Most of studies do not describe the patients’ sun exposure, nor their diet or eating habits, which may influence the level of 25(OH)VID3. One previous study revealed that 25(OH)VITD2 level was not influenced by the seasons [53]. However, the authors did not find an association between VD deficiency and retinopathy or macrovascular complications [53].

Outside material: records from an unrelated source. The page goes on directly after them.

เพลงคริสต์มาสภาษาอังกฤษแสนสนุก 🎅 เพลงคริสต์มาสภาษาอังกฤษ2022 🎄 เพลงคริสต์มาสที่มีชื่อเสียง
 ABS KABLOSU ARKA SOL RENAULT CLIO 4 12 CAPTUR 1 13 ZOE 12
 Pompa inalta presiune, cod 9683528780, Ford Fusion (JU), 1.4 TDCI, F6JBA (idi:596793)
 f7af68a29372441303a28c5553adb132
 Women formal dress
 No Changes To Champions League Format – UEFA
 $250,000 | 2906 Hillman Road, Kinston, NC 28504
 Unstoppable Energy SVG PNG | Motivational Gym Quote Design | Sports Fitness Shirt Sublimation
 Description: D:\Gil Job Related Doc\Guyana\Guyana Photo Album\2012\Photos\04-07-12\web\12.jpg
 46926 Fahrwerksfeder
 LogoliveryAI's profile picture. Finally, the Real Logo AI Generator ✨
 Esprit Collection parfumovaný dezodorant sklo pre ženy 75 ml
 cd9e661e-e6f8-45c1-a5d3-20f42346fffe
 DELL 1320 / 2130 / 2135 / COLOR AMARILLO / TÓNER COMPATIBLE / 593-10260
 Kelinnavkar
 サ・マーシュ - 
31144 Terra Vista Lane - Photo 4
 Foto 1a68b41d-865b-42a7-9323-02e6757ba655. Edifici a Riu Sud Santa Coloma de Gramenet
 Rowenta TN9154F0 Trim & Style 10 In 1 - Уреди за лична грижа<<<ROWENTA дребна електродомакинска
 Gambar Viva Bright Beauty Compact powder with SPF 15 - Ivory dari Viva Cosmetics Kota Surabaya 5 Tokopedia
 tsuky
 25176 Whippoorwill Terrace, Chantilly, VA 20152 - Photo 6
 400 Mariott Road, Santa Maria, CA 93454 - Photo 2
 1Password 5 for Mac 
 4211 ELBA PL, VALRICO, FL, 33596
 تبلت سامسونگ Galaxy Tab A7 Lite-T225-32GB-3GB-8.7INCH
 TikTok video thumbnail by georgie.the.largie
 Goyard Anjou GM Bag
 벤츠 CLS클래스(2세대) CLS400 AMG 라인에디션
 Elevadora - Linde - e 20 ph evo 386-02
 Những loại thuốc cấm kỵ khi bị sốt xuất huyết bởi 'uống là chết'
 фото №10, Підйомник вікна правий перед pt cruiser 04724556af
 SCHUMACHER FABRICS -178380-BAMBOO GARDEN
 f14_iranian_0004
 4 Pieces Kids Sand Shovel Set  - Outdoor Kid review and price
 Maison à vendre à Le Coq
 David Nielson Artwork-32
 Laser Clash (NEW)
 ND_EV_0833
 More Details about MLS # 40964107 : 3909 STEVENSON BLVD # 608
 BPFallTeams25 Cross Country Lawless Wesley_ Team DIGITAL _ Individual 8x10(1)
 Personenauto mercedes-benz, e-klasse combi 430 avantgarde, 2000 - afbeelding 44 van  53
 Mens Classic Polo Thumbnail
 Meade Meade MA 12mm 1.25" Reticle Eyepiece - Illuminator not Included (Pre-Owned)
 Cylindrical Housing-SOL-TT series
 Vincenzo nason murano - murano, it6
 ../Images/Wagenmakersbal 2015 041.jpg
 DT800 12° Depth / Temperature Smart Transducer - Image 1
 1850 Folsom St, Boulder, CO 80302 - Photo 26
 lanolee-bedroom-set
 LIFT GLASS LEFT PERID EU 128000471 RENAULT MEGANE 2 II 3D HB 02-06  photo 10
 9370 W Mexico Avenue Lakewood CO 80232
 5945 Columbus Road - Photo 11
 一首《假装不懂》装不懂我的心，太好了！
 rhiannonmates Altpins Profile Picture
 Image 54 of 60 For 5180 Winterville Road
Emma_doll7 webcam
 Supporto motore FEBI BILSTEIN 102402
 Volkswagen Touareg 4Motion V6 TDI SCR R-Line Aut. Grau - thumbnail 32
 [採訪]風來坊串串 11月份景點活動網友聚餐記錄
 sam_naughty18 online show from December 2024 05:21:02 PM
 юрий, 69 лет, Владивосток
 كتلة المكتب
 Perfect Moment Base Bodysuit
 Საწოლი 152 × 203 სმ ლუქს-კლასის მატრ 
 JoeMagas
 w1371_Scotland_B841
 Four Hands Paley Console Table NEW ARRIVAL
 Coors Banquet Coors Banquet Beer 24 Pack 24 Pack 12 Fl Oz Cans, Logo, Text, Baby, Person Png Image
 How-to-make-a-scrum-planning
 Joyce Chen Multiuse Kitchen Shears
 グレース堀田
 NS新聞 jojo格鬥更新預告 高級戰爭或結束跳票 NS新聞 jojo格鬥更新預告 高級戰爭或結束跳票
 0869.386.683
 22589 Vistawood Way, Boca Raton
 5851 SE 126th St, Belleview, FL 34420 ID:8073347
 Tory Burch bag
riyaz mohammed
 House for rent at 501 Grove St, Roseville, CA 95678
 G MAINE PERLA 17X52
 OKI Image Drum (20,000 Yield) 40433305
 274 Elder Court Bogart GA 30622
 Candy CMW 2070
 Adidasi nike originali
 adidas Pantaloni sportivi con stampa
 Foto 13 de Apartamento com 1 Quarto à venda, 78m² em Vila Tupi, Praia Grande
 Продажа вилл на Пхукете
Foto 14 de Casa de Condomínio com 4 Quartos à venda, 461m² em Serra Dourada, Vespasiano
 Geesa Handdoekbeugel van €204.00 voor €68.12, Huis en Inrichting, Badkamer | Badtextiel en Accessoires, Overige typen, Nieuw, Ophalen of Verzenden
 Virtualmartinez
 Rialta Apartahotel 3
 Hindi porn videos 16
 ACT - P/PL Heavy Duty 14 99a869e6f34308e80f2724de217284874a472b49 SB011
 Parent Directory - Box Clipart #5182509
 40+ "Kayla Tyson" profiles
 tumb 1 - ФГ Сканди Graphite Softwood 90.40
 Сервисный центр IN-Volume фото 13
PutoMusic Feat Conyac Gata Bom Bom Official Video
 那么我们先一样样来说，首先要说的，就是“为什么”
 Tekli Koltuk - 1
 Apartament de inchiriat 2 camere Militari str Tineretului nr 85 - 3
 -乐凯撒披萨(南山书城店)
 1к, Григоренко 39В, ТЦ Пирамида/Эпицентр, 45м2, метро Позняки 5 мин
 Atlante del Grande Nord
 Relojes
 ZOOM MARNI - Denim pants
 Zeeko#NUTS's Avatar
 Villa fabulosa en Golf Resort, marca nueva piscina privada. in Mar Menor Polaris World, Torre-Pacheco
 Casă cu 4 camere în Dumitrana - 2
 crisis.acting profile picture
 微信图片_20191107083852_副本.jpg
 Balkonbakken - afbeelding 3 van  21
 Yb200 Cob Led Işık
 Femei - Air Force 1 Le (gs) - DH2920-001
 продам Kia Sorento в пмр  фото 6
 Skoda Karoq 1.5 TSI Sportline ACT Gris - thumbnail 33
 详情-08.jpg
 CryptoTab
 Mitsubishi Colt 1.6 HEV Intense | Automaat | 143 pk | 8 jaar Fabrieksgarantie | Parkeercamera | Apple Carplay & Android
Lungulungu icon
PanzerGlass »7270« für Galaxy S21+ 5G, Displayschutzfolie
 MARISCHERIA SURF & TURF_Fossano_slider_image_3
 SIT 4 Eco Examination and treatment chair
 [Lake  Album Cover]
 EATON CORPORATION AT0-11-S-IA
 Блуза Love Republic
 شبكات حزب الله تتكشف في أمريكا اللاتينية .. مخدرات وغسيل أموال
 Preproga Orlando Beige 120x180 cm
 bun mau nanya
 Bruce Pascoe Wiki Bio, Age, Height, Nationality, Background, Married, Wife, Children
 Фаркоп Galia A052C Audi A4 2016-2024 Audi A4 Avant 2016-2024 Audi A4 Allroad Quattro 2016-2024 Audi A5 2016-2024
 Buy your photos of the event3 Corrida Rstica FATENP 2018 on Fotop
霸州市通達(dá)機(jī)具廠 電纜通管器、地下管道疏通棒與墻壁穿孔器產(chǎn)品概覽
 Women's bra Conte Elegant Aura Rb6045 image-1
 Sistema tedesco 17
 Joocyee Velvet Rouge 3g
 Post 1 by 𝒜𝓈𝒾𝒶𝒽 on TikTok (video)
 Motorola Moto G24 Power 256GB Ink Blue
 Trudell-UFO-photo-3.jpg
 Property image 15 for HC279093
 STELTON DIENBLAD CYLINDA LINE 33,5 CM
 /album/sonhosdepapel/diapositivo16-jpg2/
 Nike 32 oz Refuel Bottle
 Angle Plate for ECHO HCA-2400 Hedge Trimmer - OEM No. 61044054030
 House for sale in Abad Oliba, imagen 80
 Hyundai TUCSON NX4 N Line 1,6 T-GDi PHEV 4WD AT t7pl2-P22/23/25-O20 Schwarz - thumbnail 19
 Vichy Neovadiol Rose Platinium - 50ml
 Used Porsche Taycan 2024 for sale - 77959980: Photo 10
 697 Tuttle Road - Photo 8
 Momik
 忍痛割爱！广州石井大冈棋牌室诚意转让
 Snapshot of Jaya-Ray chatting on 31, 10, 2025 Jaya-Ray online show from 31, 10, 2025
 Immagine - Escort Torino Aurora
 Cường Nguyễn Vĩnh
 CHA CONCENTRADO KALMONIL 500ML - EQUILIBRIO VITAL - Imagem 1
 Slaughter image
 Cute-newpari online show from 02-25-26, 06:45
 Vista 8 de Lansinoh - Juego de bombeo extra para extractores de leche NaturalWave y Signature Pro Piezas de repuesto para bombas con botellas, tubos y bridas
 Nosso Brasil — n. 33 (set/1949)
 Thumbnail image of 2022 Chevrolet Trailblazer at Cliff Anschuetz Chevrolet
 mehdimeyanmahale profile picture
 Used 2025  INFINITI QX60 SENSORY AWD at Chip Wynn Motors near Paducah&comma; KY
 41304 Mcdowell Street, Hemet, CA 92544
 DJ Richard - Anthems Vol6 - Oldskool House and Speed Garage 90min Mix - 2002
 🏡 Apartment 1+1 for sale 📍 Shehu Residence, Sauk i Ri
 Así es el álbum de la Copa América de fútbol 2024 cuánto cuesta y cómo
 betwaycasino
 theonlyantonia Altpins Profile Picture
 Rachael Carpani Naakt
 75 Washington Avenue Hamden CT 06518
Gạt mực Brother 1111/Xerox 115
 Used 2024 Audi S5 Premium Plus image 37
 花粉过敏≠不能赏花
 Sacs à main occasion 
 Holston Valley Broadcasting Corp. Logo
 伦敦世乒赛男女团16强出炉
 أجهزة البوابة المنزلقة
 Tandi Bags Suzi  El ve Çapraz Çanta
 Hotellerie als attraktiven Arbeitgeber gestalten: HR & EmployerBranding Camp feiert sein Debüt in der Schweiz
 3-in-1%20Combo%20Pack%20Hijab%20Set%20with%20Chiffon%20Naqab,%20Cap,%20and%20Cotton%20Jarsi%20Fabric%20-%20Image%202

Without non-diabetic controls, it was impossible to judge whether the decrease in VD was a risk factor for diabetes. Some authors suggested that the VD metabolite ratio was a better indicator of VD status, however, we did not evaluate this criterion [54]. Another limitation is that our sample was hospital-based and perhaps not representative of the population of patients with diabetes followed by private practitioners. It was also a cross-sectional study, thus limiting conclusions about the direction of the reported associations. We do not have details on the dietary intake of the patients included in the study, but they are mainly immigrants, with a diet rich in starch and poor in fatty fish, fruits and vegetables [22]. Finally, the number of patients with micro- or macroangiopathic complications may have been insufficient to detect more subtle statistical differences or may have led to some associations that were due to chance. Nevertheless, the present study provides precise estimates of the prevalence of vitamin D deficiency among patients with diabetes and identified risk factors in French Guiana and hence will be useful to focus medical attention on the problem. Future studies on larger samples of this new cohort will further analyze the relation between vitamin D levels and incidence of micro- and macroangiopathic complications.

5. Conclusions

Our study revealed a major VD deficiency affecting about 66.48% of patients with diabetes (mainly type 2) in French Guiana. This problem remains underestimated because of the lack of guidelines and because different ethnic groups may have different definitions of vitamin D deficiency. In our study, patients with retinopathy had greater vitamin D concentrations than those without retinopathy and, on the contrary, those with angina pectoris had lower vitamin D concentrations than those without it. VD concentrations were negatively correlated with HbA1c concentration. Overall, as reflected by the discrepancies in the literature, there were no clear relations between VD and diabetes’ microvascular and macrovascular complications and no clear insights as to how to better manage patients with diabetes. VD dosing for certain at risk populations such as those with diabetes should nevertheless be encouraged in French Guiana given the high frequency of VD deficiency. The question of supplementation requires randomized controlled studies to control for potential confounders.